- [PROBLEM]
Copy exactly. Include the line containing "YETI Rambler 64", every line after it, and the last line below, but no pictures.

ENTRIES SHOWN Block Start

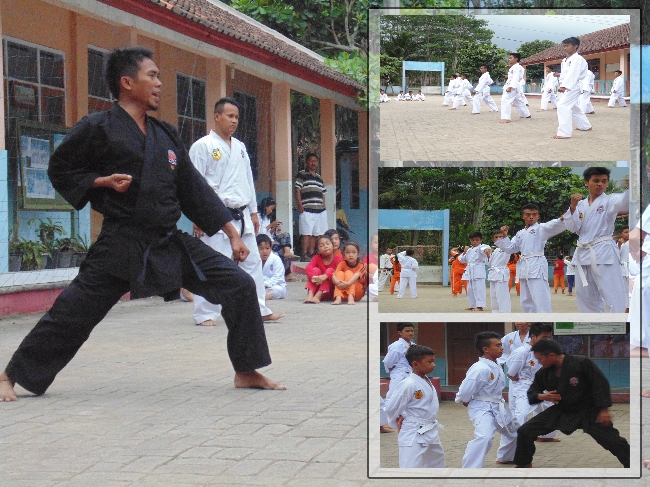 KARATE CLUB Cabang Pangandaran - Kalipucang 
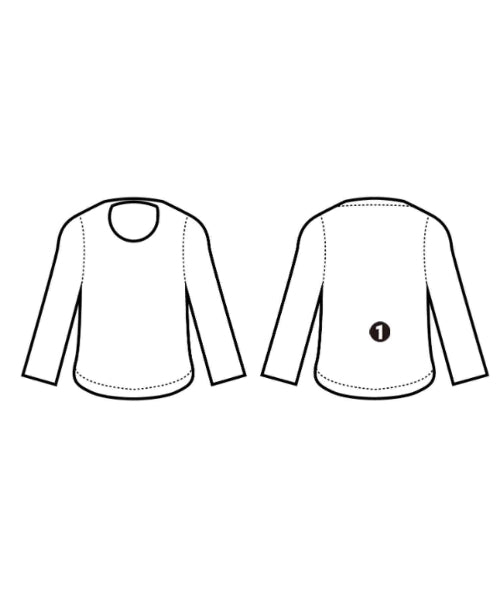 ART เสื้อยืด/เสื้อท็อปส์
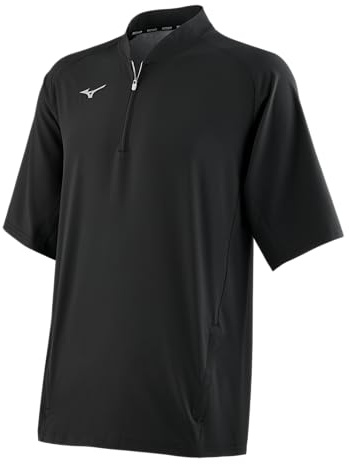 Mizuno Men's Gametime Short Sleeve Hitting Jacket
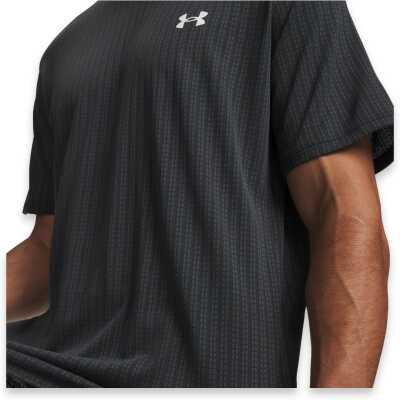 Under Armour 6013794 Tech Vent Jacquard New T Siyah Erkek T-Shirt - 4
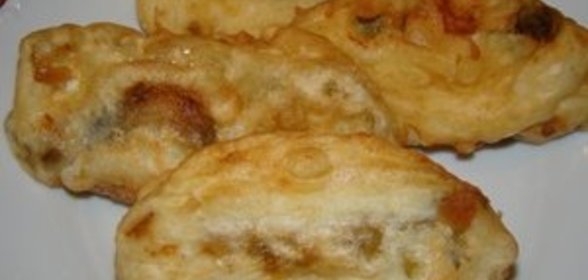 Брынза в кляре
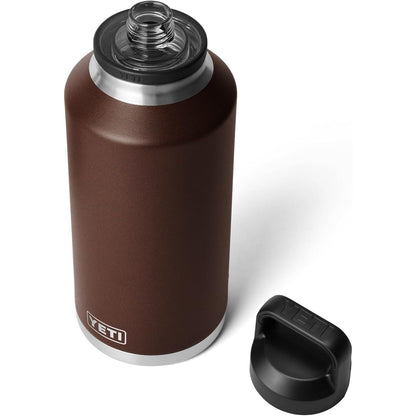 YETI Rambler 64 oz Bottle, Vacuum Insulated, Stainless Steel with Chug Cap, Navy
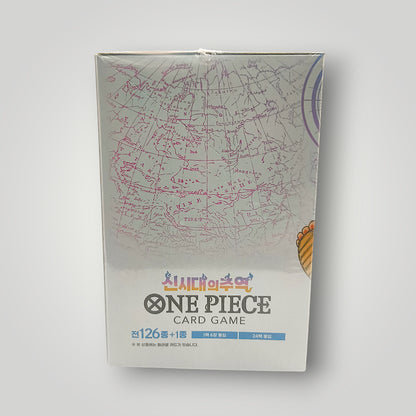 OPK-05 Protagonist of the New Era Booster Box – Korean | One Piece Card Game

ENTRIES SHOWN Block End

- [REPLY]
 YETI Rambler 64 oz Bottle, Vacuum Insulated, Stainless Steel with Chug Cap, Navy
 OPK-05 Protagonist of the New Era Booster Box – Korean | One Piece Card Game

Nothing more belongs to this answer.